Уклон длиной 340 м, поезд прошел за 20с. В конце развил скорость 19 м/с. Найти начальную скорость и

Problem Analysis

We are given the length of a slope, the time it takes for a train to pass through the slope, and the final velocity at the end of the slope. We need to find the initial velocity and acceleration of the train.

Solution

To solve this problem, we can use the equations of motion. Let's denote the initial velocity as v0, the final velocity as vf, the acceleration as a, the distance traveled as s, and the time taken as t.

The equation that relates distance, initial velocity, final velocity, acceleration, and time is:

s = v0 * t + (1/2) * a * t^2 We are given the following values: - Distance (s) = 340 m - Time (t) = 20 s - Final velocity (vf) = 19 m/s

We need to find the initial velocity (v0) and acceleration (a).

Finding the Initial Velocity (v0)

To find the initial velocity, we can rearrange equation as follows:

v0 = (s - (1/2) * a * t^2) / t Substituting the given values into equation we can find the initial velocity.

Finding the Acceleration (a)

To find the acceleration, we can use the equation:

vf = v0 + a * t Substituting the given values into equation we can find the acceleration.

Calculation

Let's calculate the initial velocity and acceleration using the given values.

Using equation v0 = (340 - (1/2) * a * (20^2)) / 20

Using equation 19 = v0 + a * 20

Now we have a system of two equations with two unknowns (v0 and a).

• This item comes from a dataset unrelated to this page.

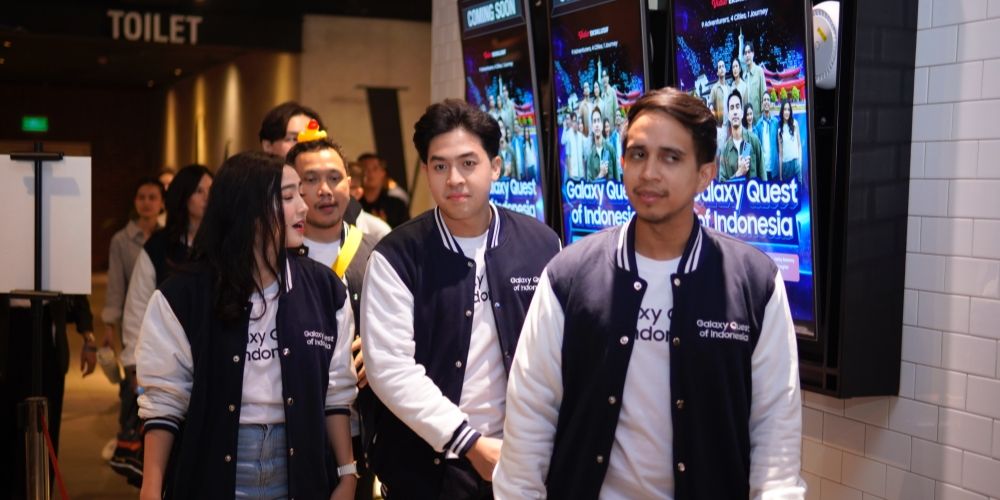 Bukan Series Penjelajahan Biasa, Vidio Eksklusif Galaxy Quest of Indonesia Gandeng Bintang Ternama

We can solve this system of equations to find the values of v0 and a.

Solving the System of Equations

To solve the system of equations, we can use substitution or elimination. Let's use substitution.

From equation we can express v0 in terms of a: v0 = 19 - a * 20

Substituting this expression for v0 into equation we get: (340 - (1/2) * a * (20^2)) / 20 = 19 - a * 20

Now we can solve this equation for a.

Calculation

Let's calculate the value of acceleration (a) using the equation derived above.

(340 - (1/2) * a * (20^2)) / 20 = 19 - a * 20

Simplifying the equation, we get: 340 - 200a = 380 - 20a

Solving for a, we find: 180a = 40 a = 40 / 180 a = 2/9 m/s^2

Now that we have the value of acceleration (a), we can substitute it back into equation to find the initial velocity (v0).

Calculation

Let's calculate the value of the initial velocity (v0) using the derived value of acceleration (a).

19 = v0 + (2/9) * 20

Simplifying the equation, we get: 19 = v0 + 40/9

Solving for v0, we find: v0 = 19 - 40/9 v0 = (171 - 40) / 9 v0 = 131 / 9 v0 ≈ 14.56 m/s

Answer

The initial velocity of the train is approximately 14.56 m/s and the acceleration is 2/9 m/s^2.

Please let me know if I can help you with anything else.